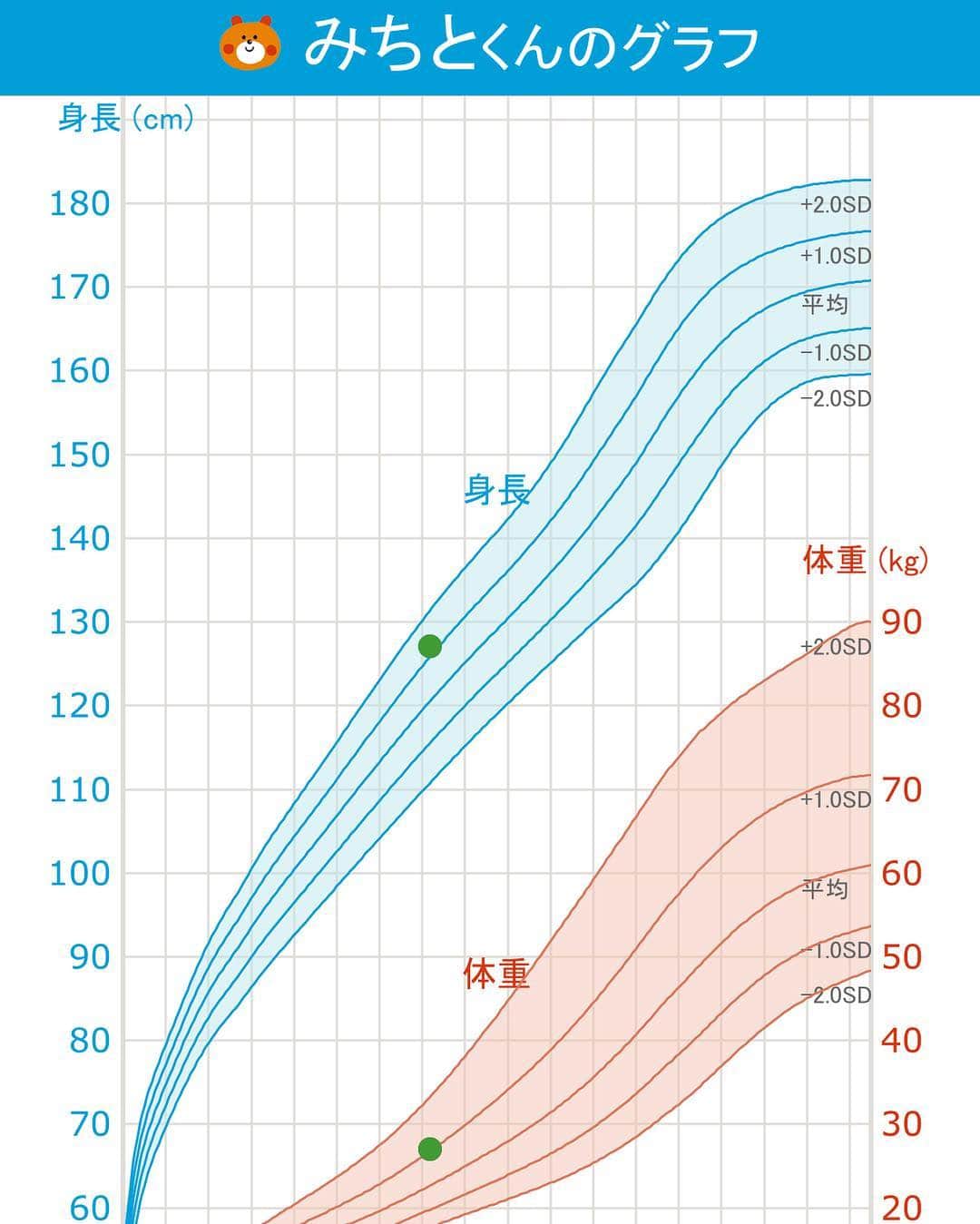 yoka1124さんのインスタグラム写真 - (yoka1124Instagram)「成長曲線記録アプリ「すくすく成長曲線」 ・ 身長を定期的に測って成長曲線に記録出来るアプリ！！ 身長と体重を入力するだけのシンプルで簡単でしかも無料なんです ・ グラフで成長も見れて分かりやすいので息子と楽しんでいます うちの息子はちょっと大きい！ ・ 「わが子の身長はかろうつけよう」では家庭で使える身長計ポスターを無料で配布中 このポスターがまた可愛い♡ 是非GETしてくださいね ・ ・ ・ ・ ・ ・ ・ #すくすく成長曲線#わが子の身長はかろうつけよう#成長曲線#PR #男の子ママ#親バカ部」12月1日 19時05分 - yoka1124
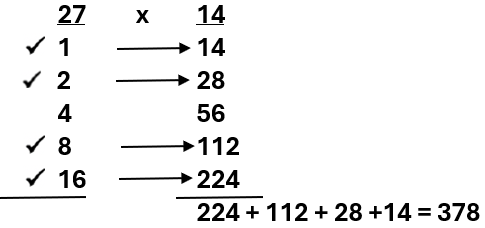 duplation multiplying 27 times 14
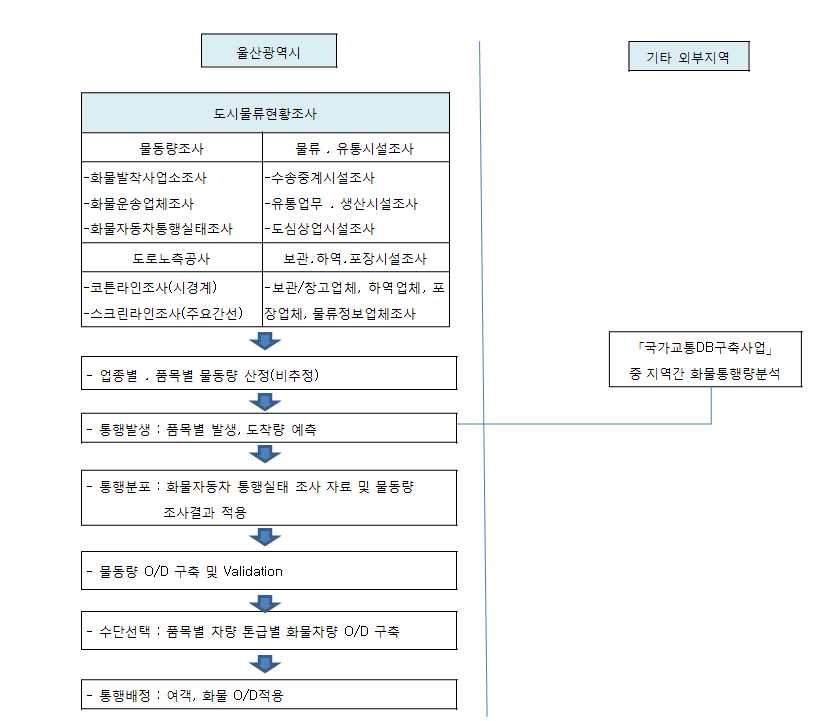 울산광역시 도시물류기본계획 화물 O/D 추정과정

> **Exercise aim**: Repeat only the lines from the one with "duplation multiplying 27 times 14" through the end of the data, both included and exactly as written. Pictures stay out of the copy.

> **Finished exercise**:
 duplation multiplying 27 times 14
 울산광역시 도시물류기본계획 화물 O/D 추정과정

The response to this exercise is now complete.